Your task is to transcribe the entries exactly.

Saved entries:
==============================
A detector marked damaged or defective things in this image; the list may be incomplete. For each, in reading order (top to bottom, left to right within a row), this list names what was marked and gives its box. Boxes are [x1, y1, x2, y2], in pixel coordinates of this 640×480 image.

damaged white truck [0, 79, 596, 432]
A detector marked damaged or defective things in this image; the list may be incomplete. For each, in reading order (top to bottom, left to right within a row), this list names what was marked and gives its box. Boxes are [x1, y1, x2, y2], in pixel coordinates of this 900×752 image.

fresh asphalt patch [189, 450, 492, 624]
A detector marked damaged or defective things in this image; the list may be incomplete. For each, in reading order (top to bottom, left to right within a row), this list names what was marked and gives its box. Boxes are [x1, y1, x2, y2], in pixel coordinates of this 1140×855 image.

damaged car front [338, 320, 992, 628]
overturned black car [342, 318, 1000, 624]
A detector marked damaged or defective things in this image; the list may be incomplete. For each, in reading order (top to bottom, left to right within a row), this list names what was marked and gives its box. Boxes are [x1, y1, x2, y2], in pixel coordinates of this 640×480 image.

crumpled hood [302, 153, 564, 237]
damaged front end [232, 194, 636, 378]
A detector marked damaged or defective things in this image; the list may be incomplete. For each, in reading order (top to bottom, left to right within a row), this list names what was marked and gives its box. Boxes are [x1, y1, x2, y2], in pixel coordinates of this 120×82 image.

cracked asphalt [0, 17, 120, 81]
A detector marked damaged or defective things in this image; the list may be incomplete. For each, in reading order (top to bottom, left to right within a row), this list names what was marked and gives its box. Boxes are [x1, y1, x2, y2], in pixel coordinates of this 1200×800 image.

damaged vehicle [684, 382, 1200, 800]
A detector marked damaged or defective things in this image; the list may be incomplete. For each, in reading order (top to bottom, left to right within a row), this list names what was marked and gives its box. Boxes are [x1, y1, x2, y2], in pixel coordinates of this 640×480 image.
==============================
_Your solution:_
A detector marked damaged or defective things in this image; the list may be incomplete. For each, in reading order (top to bottom, left to right within a row), this list names what was marked and gives its box. Boxes are [x1, y1, x2, y2], in pixel coordinates of this 640×480 image.

damaged white truck [0, 79, 596, 432]
A detector marked damaged or defective things in this image; the list may be incomplete. For each, in reading order (top to bottom, left to right within a row), this list names what was marked and gives its box. Boxes are [x1, y1, x2, y2], in pixel coordinates of this 900×752 image.

fresh asphalt patch [189, 450, 492, 624]
A detector marked damaged or defective things in this image; the list may be incomplete. For each, in reading order (top to bottom, left to right within a row), this list names what was marked and gives its box. Boxes are [x1, y1, x2, y2], in pixel coordinates of this 1140×855 image.

damaged car front [338, 320, 992, 628]
overturned black car [342, 318, 1000, 624]
A detector marked damaged or defective things in this image; the list may be incomplete. For each, in reading order (top to bottom, left to right within a row), this list names what was marked and gives its box. Boxes are [x1, y1, x2, y2], in pixel coordinates of this 640×480 image.

crumpled hood [302, 153, 564, 237]
damaged front end [232, 194, 636, 378]
A detector marked damaged or defective things in this image; the list may be incomplete. For each, in reading order (top to bottom, left to right within a row), this list names what was marked and gives its box. Boxes are [x1, y1, x2, y2], in pixel coordinates of this 120×82 image.

cracked asphalt [0, 17, 120, 81]
A detector marked damaged or defective things in this image; the list may be incomplete. For each, in reading order (top to bottom, left to right within a row), this list names what was marked and gives its box. Boxes are [x1, y1, x2, y2], in pixel coordinates of this 1200×800 image.

damaged vehicle [684, 382, 1200, 800]
A detector marked damaged or defective things in this image; the list may be incomplete. For each, in reading order (top to bottom, left to right within a row), this list names what was marked and gives its box. Boxes are [x1, y1, x2, y2], in pixel coordinates of this 640×480 image.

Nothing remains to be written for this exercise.